(Extracted data entries)
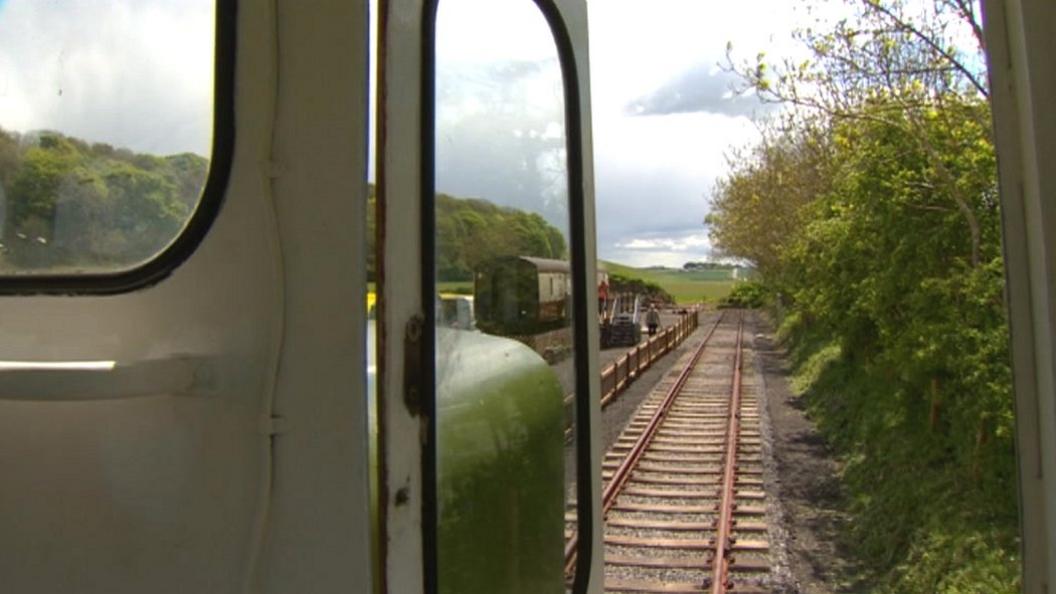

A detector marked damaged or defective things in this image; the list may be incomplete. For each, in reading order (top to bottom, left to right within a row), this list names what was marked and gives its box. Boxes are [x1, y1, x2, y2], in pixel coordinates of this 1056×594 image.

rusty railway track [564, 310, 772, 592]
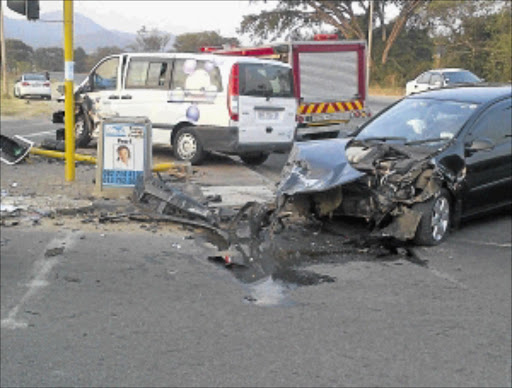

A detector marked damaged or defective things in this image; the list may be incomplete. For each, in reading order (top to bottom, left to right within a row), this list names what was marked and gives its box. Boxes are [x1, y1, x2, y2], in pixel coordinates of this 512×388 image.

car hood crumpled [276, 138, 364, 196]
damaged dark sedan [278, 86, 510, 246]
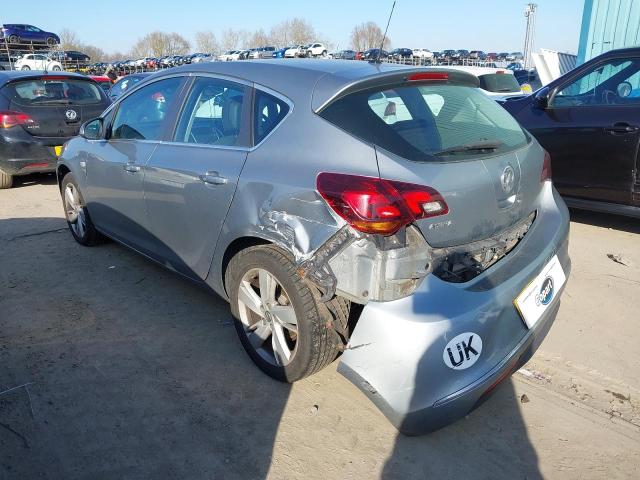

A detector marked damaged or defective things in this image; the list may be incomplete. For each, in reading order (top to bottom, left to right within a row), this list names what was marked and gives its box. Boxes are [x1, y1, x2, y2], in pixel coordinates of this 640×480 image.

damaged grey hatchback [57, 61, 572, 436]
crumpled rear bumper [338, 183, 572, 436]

...

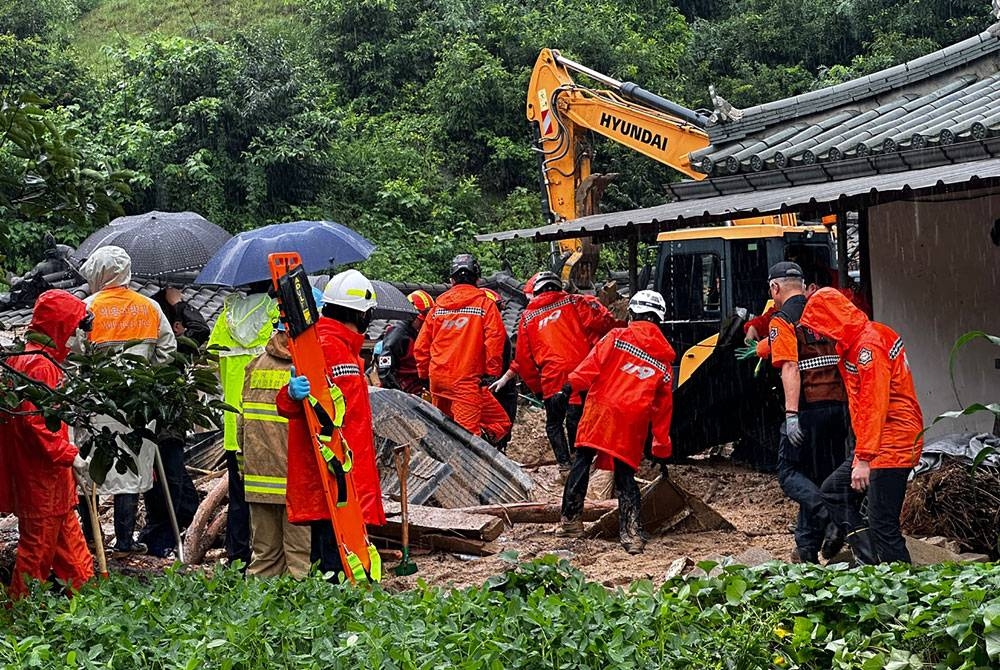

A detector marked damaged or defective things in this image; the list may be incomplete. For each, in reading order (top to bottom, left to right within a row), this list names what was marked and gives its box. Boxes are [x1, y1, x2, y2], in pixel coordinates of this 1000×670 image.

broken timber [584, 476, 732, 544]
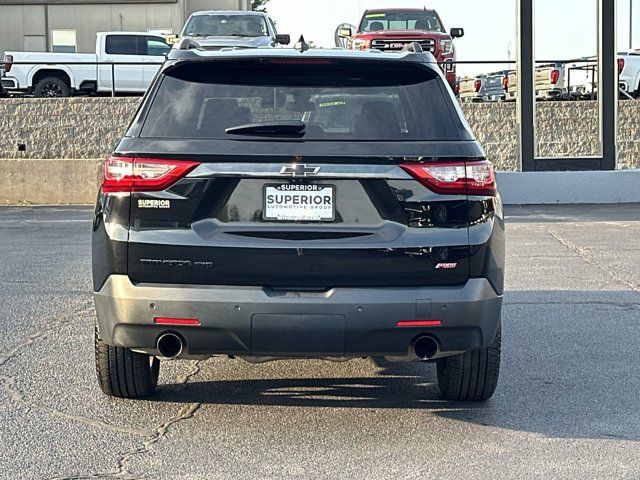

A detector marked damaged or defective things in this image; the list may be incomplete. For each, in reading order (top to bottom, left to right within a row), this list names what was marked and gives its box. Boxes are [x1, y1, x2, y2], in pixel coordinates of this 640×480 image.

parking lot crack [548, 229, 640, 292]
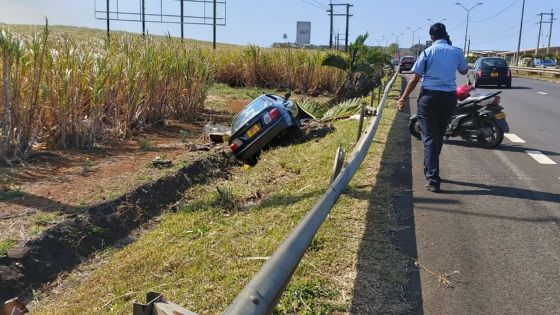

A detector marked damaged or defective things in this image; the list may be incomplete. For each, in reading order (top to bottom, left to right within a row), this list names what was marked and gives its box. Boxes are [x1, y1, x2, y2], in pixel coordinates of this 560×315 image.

▸ **REQUIRED ACTION**:
Using the entries above, reproduce word for word only the lines from the one that contains "this 1000×670 image." to the one that contains "this 560×315 image.", both ends included, and drop every picture.

▸ **OUTPUT OF THE EXERCISE**:
A detector marked damaged or defective things in this image; the list may be incomplete. For each, in reading order (top to bottom, left to right within a row), this list names what was marked and gives its box. Boxes are [x1, y1, x2, y2], in pixel coordinates of this 1000×670 image.

broken timber [584, 476, 732, 544]

A detector marked damaged or defective things in this image; the list may be incomplete. For each, in reading order (top to bottom, left to right within a row), this list names what was marked and gives its box. Boxes are [x1, y1, x2, y2], in pixel coordinates of this 640×480 image.

parking lot crack [548, 229, 640, 292]

A detector marked damaged or defective things in this image; the list may be incomplete. For each, in reading order (top to bottom, left to right within a row), this list names what was marked and gives its box. Boxes are [x1, y1, x2, y2], in pixel coordinates of this 560×315 image.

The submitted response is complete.